* [PROBLEM TO WORK ON]:
Transcribe the listing underneath, keeping each word exact and omitting the images.
--- DATA TO USE Enclosed Below ---
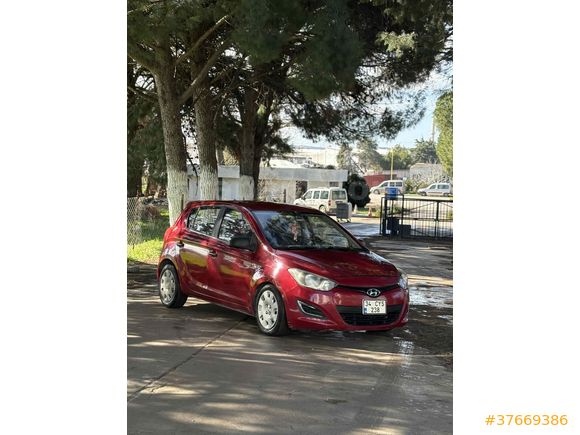 Sahibinden Hyundai i20 1.2 MPI Jump 2014 Model  176.000 km Bordo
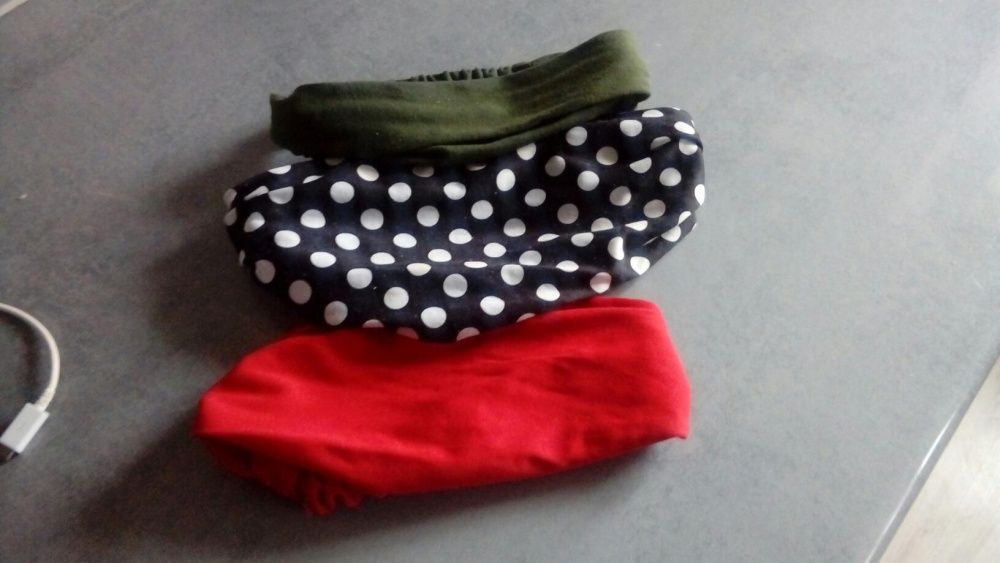 Opaski na włosy różne wzory.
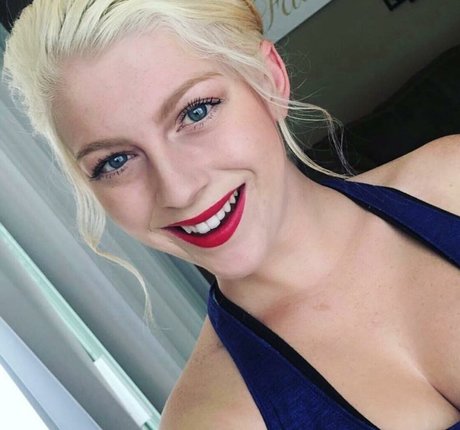 Jessica H top schöne foto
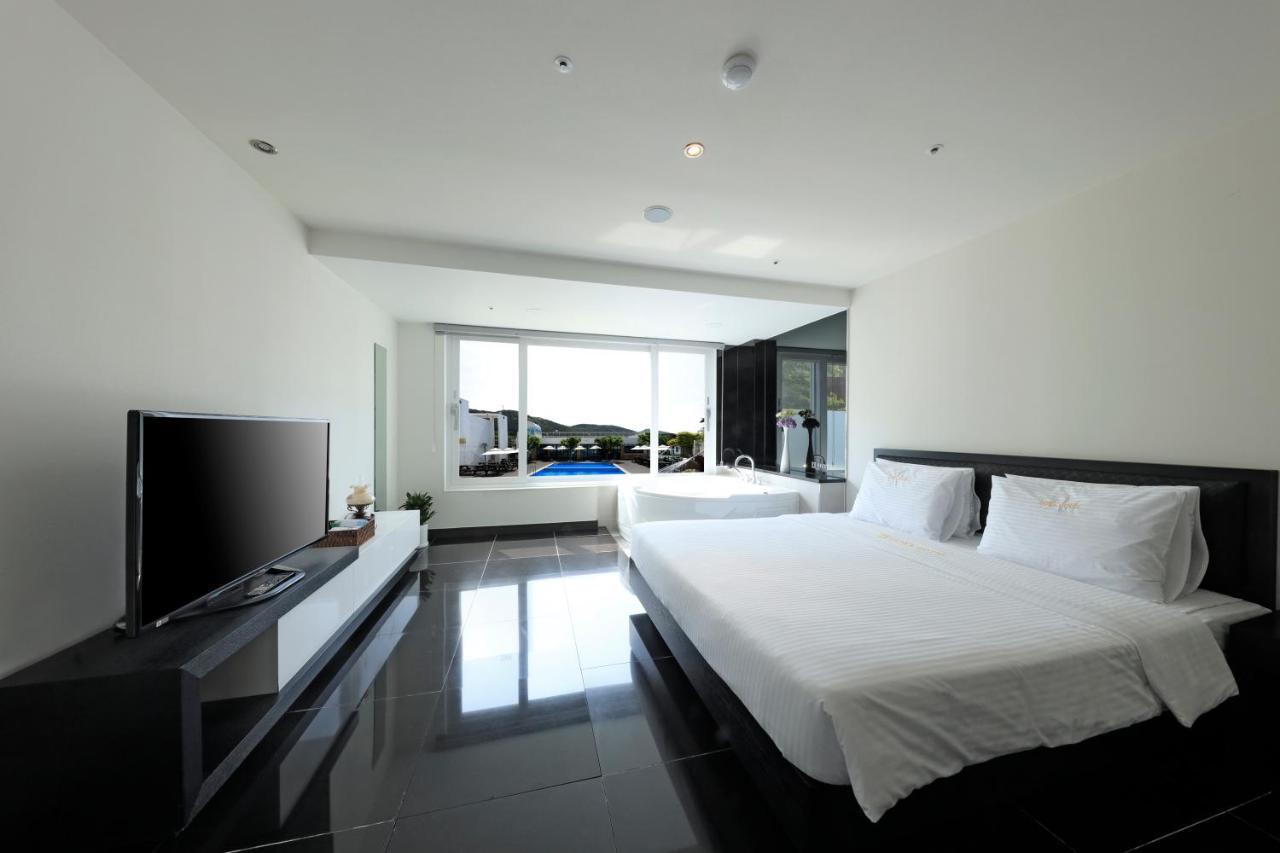 Doya Hotel Geoje Esterno foto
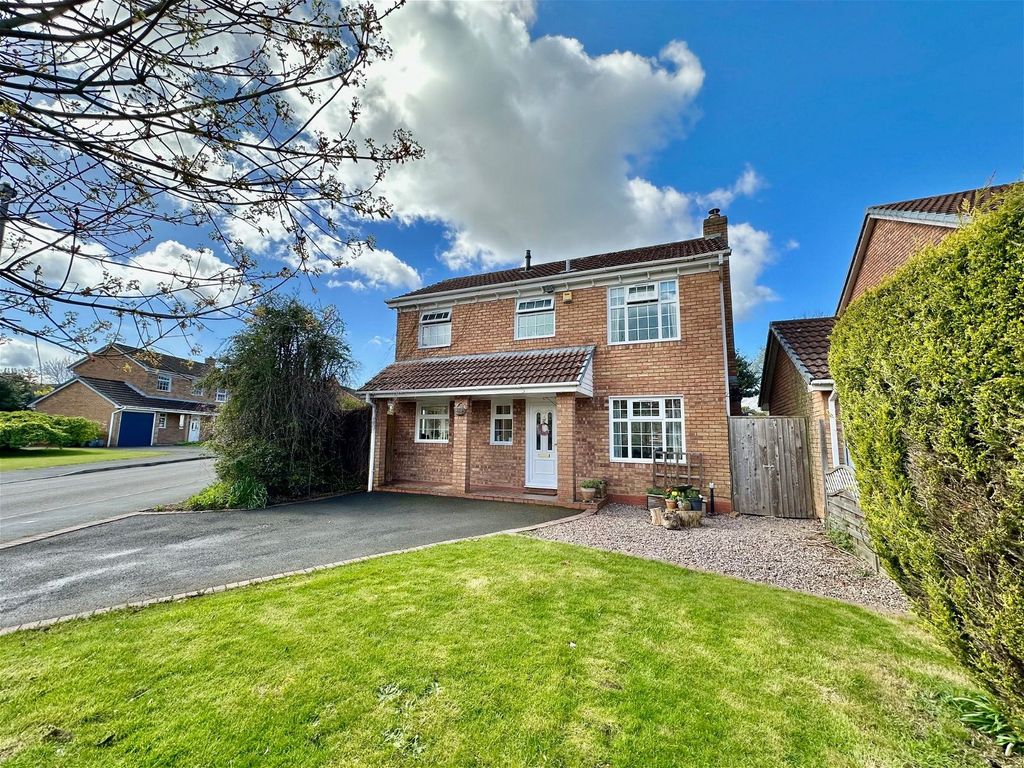 3 bed detached house for sale in 40 Hermitage Way, Madeley TF7, £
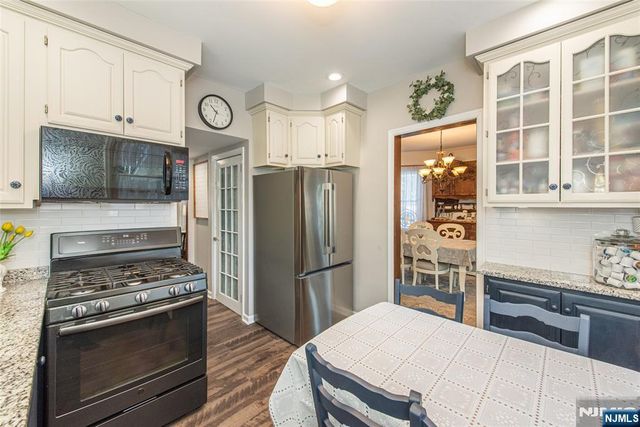 12 Ward Place, Caldwell, NJ 07006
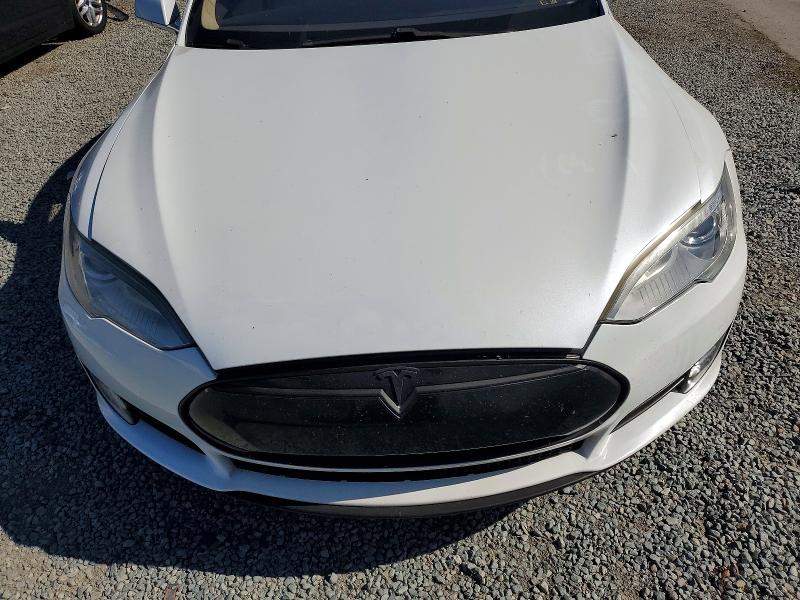 60815756 :رقم المزاد ، 5YJSA1DP9DFP13098 vin ، 2013 Tesla Model S مزاد بيع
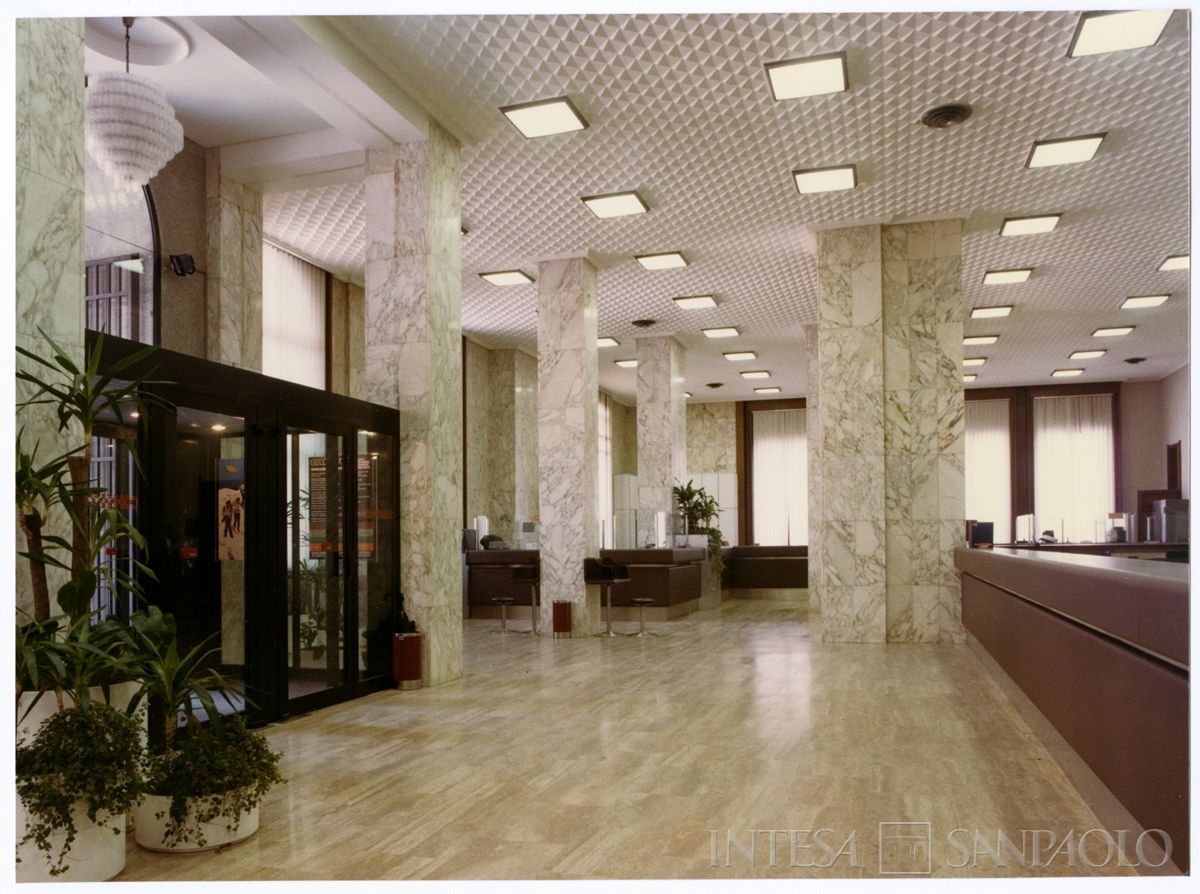 Cariplo, salone del pubblico della Sede di Varese, 1982 (Mario La Porta)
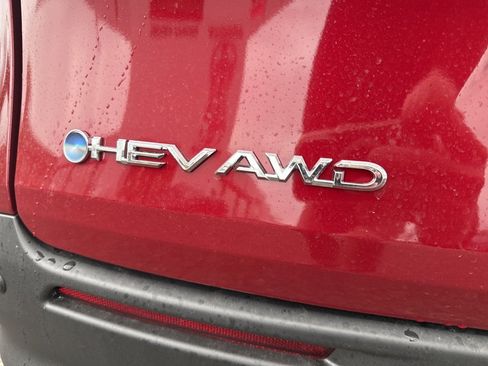 New 2026 Toyota Sienna XLE image 23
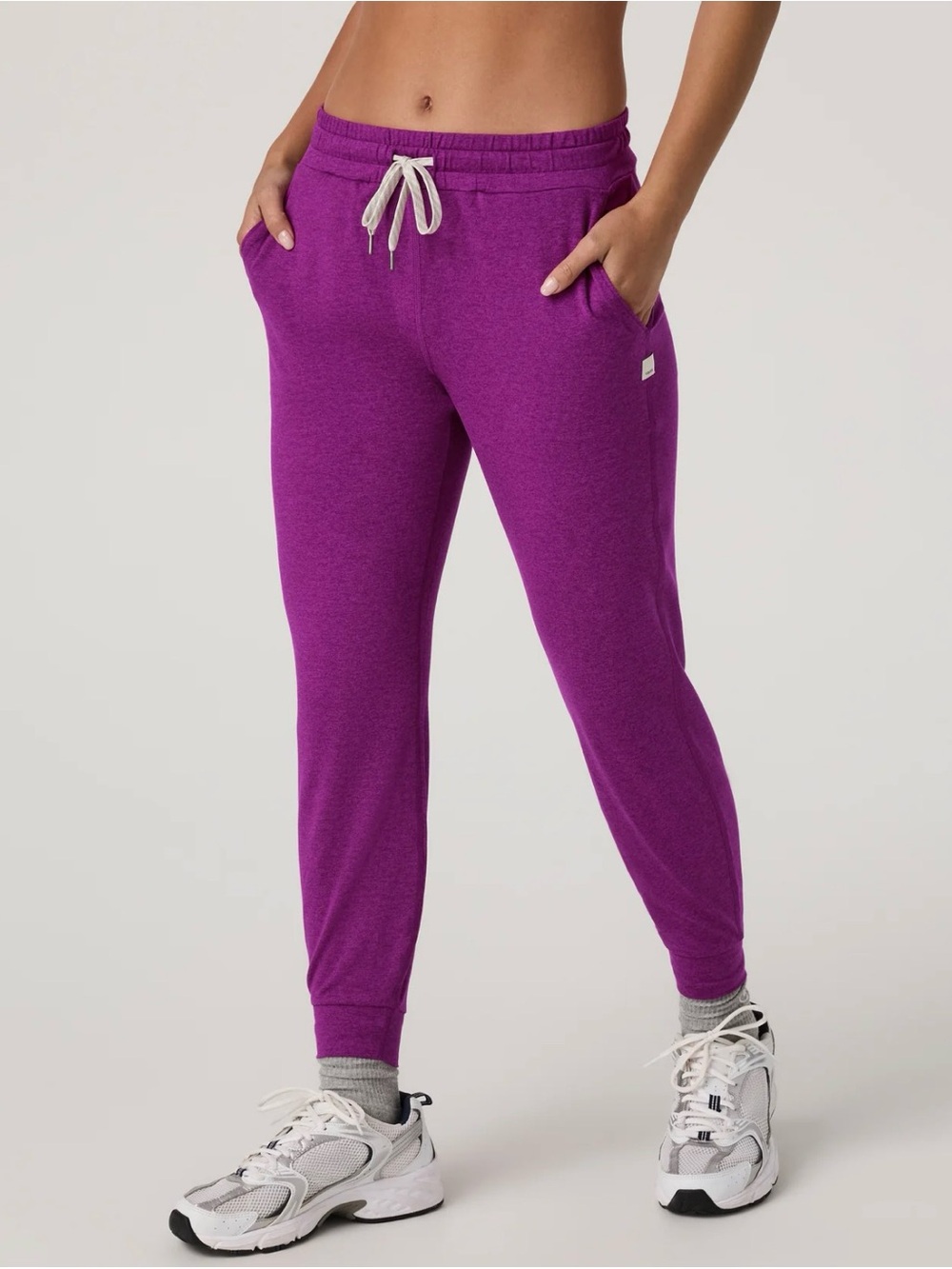 NWT Vuori Performance Jogger in Magenta Heather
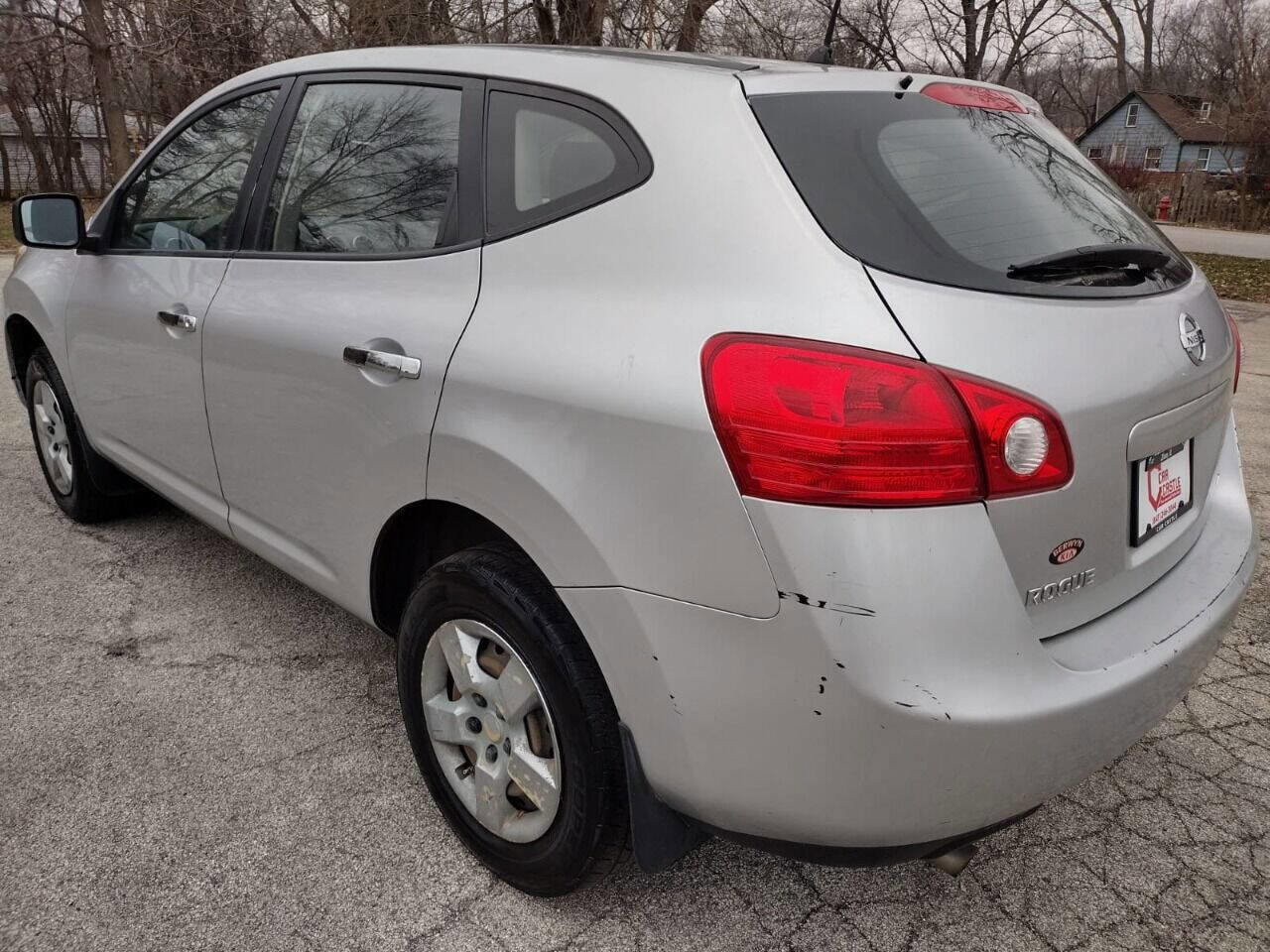 Used 2010 Nissan Rogue S image 4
--- End of Enclosed DATA TO USE ---
* [RESPONSE]:
 Sahibinden Hyundai i20 1.2 MPI Jump 2014 Model  176.000 km Bordo
 Opaski na włosy różne wzory.
 Jessica H top schöne foto
 Doya Hotel Geoje Esterno foto
 3 bed detached house for sale in 40 Hermitage Way, Madeley TF7, £
 12 Ward Place, Caldwell, NJ 07006
 60815756 :رقم المزاد ، 5YJSA1DP9DFP13098 vin ، 2013 Tesla Model S مزاد بيع
 Cariplo, salone del pubblico della Sede di Varese, 1982 (Mario La Porta)
 New 2026 Toyota Sienna XLE image 23
 NWT Vuori Performance Jogger in Magenta Heather
 Used 2010 Nissan Rogue S image 4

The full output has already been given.